Awww! Look at Ziggy  I mean Dooby! hehe *I had to do that-sorry*
He looks so cute all in the Christmas spirit! This will be 4 of my babies first Christmas also: Ziggy, Kiwi, Sugar and Limu.


----------



## Bea (Jul 26, 2007)

Hehe, i think red is Dooby's colour, his hat looks good.


----------



## birdieness (Jul 28, 2007)

awww that is soooo cute.
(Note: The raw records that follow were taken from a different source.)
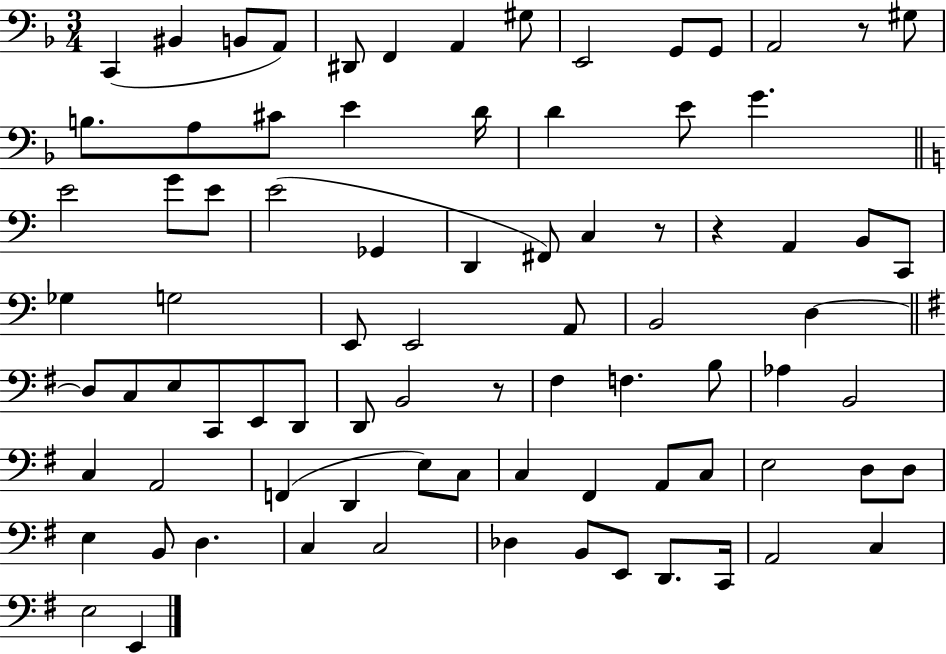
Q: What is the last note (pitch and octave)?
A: E2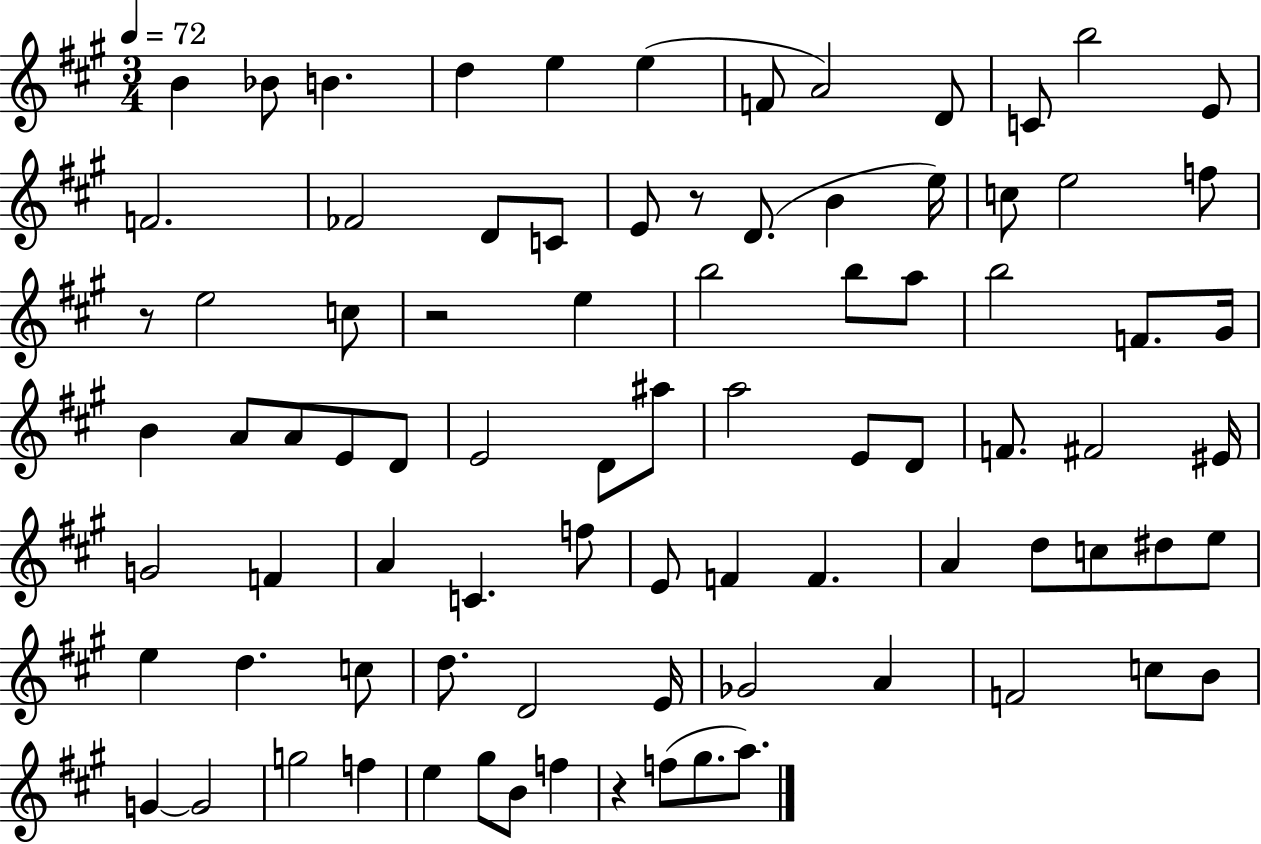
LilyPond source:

{
  \clef treble
  \numericTimeSignature
  \time 3/4
  \key a \major
  \tempo 4 = 72
  b'4 bes'8 b'4. | d''4 e''4 e''4( | f'8 a'2) d'8 | c'8 b''2 e'8 | \break f'2. | fes'2 d'8 c'8 | e'8 r8 d'8.( b'4 e''16) | c''8 e''2 f''8 | \break r8 e''2 c''8 | r2 e''4 | b''2 b''8 a''8 | b''2 f'8. gis'16 | \break b'4 a'8 a'8 e'8 d'8 | e'2 d'8 ais''8 | a''2 e'8 d'8 | f'8. fis'2 eis'16 | \break g'2 f'4 | a'4 c'4. f''8 | e'8 f'4 f'4. | a'4 d''8 c''8 dis''8 e''8 | \break e''4 d''4. c''8 | d''8. d'2 e'16 | ges'2 a'4 | f'2 c''8 b'8 | \break g'4~~ g'2 | g''2 f''4 | e''4 gis''8 b'8 f''4 | r4 f''8( gis''8. a''8.) | \break \bar "|."
}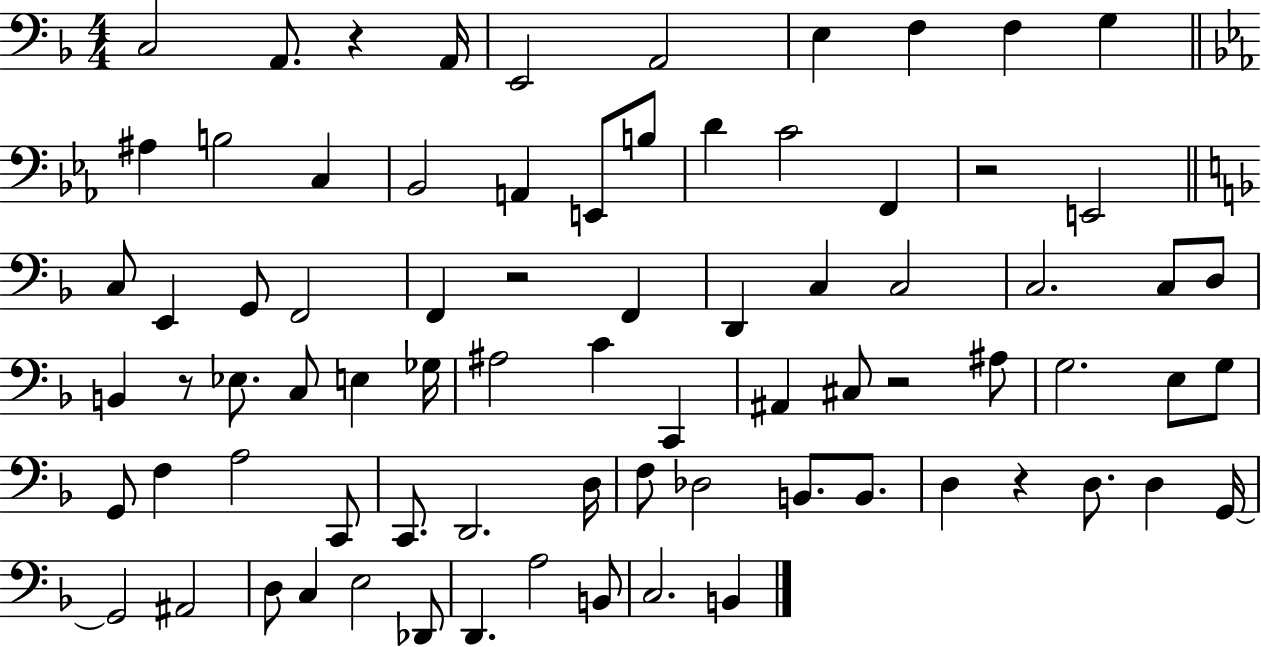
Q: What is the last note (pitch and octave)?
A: B2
What a looker aswell.


----------



## Laura (Jul 30, 2007)

What a cutie Dooby is  I love the hat, hat's look good on him ....hehe


----------



## Rosie (Aug 27, 2007)

LOL, that is too cute!  Dooby's getting is the festive spirit!


----------



## xxxSpikexxx (Jul 30, 2007)

That is too funny  Red is his colour


----------



## Plukie (Aug 26, 2007)

LOL!! You don't think the red clashes with his orange cheeks then?


----------



## Squeak_Crumble (Oct 2, 2007)

yeah he lookes perfect(and funny lol)!!!!!!!!!!!!!!!!


----------



## Squeak_Crumble (Oct 2, 2007)

now he does!!!!!!!!!!_but hes secretly planning to take over christmas and give all the presents to the ...............birds!!!!!!!!!! dun dun dun dunnnnnnnnnnnnnnnnnn_


----------



## Plukie (Aug 26, 2007)

Oh no!!! Dooby and his dodgy dealings!!!!


----------



## Squeak_Crumble (Oct 2, 2007)

lol !!!!!!!!!!!


----------